1 (2006) - http://www.orkut.com.br/Main#CommMsgs.aspx?cmm=2396529&tid=2463202164887006750



Tal pensamento incentiva a mornidão através da dúvida, pois se ficaram coisas pendentes, então, nos falta o necessário para acertar. Parece que tudo o que nos era possível fazer para granjear a compreensão já foi feito, algo que ainda não teríamos alcançado justamente por haver “coisas pendentes”. Há também certa vaidade, pois se recusamos Jesus e Abdruschin (que por quem vê na Mensagem a Palavra de Deus é considerado como enviado do Criador para auxílio a humanidade, para que não se perca antes do termino do acontecimento “Juízo Final”) nada mais “justo” que o Criador novamente envie um Auxiliar para completar as lacunas que deveriam ser preenchidas pela busca intensa e sincera por respostas. Aqui, adeptos da Mensagem com tal expectativa e de credos cristãos diferentes estão lado a lado, pois ambos esperam um novo auxílio...

Não nego ter simpatia pela busca por respostas, algo raro entre adeptos da Mensagem onde geralmente se confunde ser humilde com ser incapaz de refletir... Sendo assim, não digo que o questionamento deva parar, mas que ele seja ampliado.

Observemos, por exemplo, a necessidade de um núcleo de Luz. Pois se considerarmos que já na época de Jesus a humanidade havia falhado e que hoje, após tanto tempo, não temos razões para acreditar que esteja melhor, então, chegamos a conclusão de que a humanidade não serve como pólo de atração de um enviado da Luz. Acredito que a dissertação “Pai, perdoai-lhes pois não sabem o que fazem” traga ajuda na questão por nos motivar a buscar a razão do “como” Abdruschin pôde chegar a Terra. Onde estava o pólo de Luz necessário para lhe dar a ancoragem?

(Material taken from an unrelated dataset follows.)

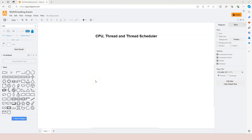In this video, let's talk about some basic concepts including CPU, application thread, and thread scheduler so that we can have a basic solid foundation in order to understand multi-threading and asynchronous programming.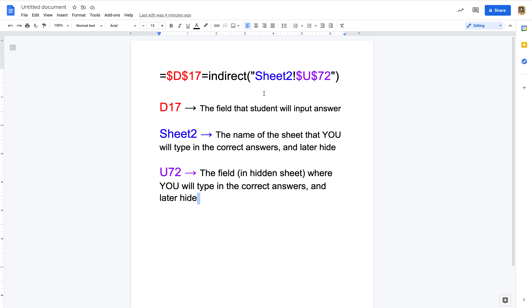Just to preface before we get started: this is definitely more of an intermediate thing to do with Sheets. It's not necessarily a beginner's skill. If you're a beginner, you can still follow along, but I highly encourage you to try formatting in the way we've been showing in other YouTube videos first, and then give this one a shot.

Há um documento chamado “Sobre a vida e atuação de Abd-ru-schin, Maria e Irmingard na Terra de 1875 até 1900”, de autoria de Herbert Vollmann, editado por ocasião do 50° aniversário da morte de Abd-ru-schin em que o autor aborda a questão do retorno com as seguintes palavras:

“ Para finalizar, quero ainda tomar posição perante a pergunta se Imanuel voltará pela segunda vez em um corpo humano à Terra, uma pergunta que se repete e é divulgada por Portadores da Cruz. Já expliquei em outra página que isto não será possível. Devido a falha da humanidade, que no início não fora prevista em tal dimensão, o Filho do Homem, Imanuel, não pôde edificar o reino da Paz enquanto vivia na Terra, como fora projetado a princípio. Por isso, Ele também não teve condições de dar as explicações ulteriores anunciadas na Mensagem do Graal.
Imanuel deixou a Mensagem do Graal aos seres humanos como seu legado, sua última e definitiva Palavra, não haverá uma outra Mensagem!”


Outra passagem é aquela que João Ramirez deixou, retirada do trabalho conhecido como “Livreto de Wagner”.

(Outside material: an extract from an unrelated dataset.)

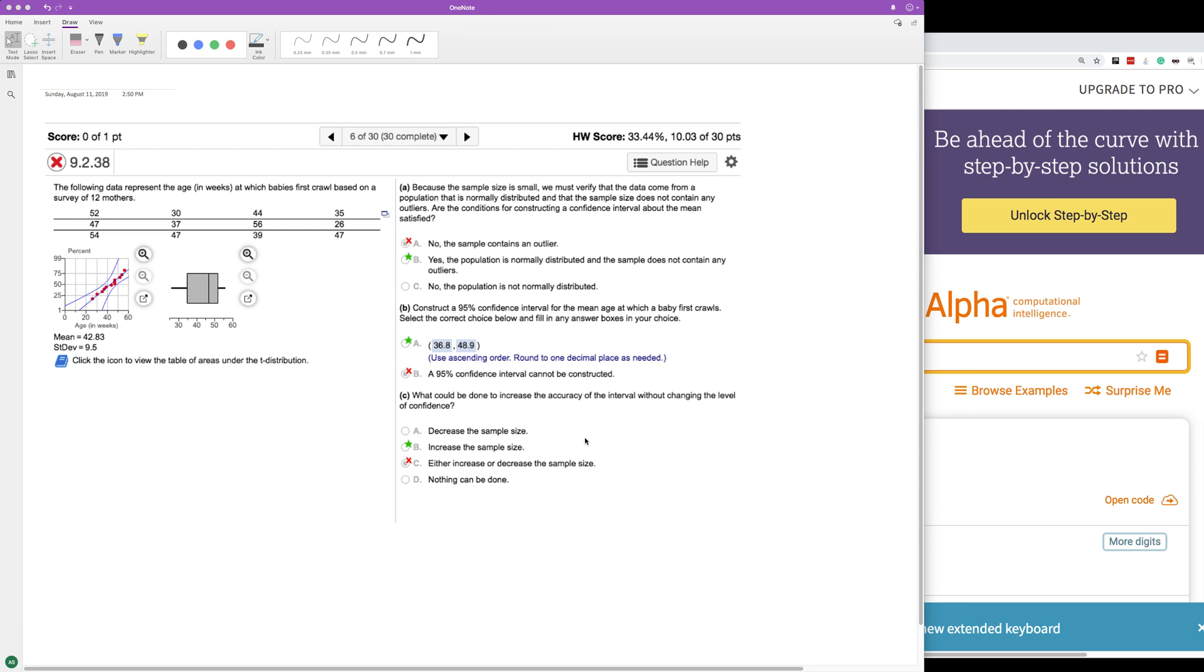All right. So the following data represents the age in weeks at which newborns first crawl based on a survey of 12 mothers. The green stars represent the right answer, even though there's marked wrong. I saved the wrong one, but that's okay.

Nenhum Filho de Deus pisará mais nesta Terra!
Com estas palavras deu para entender que a partida do SENHOR não estava muito longe. Por várias vezes Ele já mencionara isso, apreensivamente me conscientizei do que ouvi. Certa vez tomei coragem e Lhe perguntei se eu entendera certo o que me dissera. Com seriedade Ele me respondeu:
É de se supor que a longanimidade do Pai uma vez chega ao fim


Os negritos são, ao que parece, do próprio Wagner.

Da primeira citação destaco um ponto.

"a pergunta se Imanuel voltará pela segunda vez em um corpo humano à Terra"

O texto diz “segunda” e não “terceira” vez.

Ocorre por na primeira encarnação se tratar de Parsival e não Imanuel.

No livro “A vida de Abduschin” consta nas páginas 137 e 138 uma visão de Nahome (Irmingard) em que ela é informada de que Parsival (Abdruschin) está na Terra sob a proteção de um guarda do Graal (Ebranit). A descrição continua até um ponto em que estão os três em uma tenda: Abdruschin, Ebranit e Nahome. Nahome olha fixamente para Abdruschin e ele pergunta o que ela procura, ao que ela responde, Parsival.

Na primeira encarnação o juízo era parcial, não sendo necessária a irradiação de Imanuel para desencadear acontecimento algum. O invólucro terreno daquela época veio, segundo o livro, com o nome de Omaram (página 15), nome que foi alterado sob os cuidados de Ismael (página 24).

Temos então que para o desencadeamento do Juízo Final a irradiação de Parsival não bastaria, o invólucro terreno teria de ser purificado a tal medida que, em certo ponto pudesse receber a irradiação de Imanuel. Existem nos dois casos, assim me parece, objetivos diferentes bem como também, diferentes pontos alcançados nos processos de refinamento o que por si, coloca um limite ao máximo possível em cada atuação.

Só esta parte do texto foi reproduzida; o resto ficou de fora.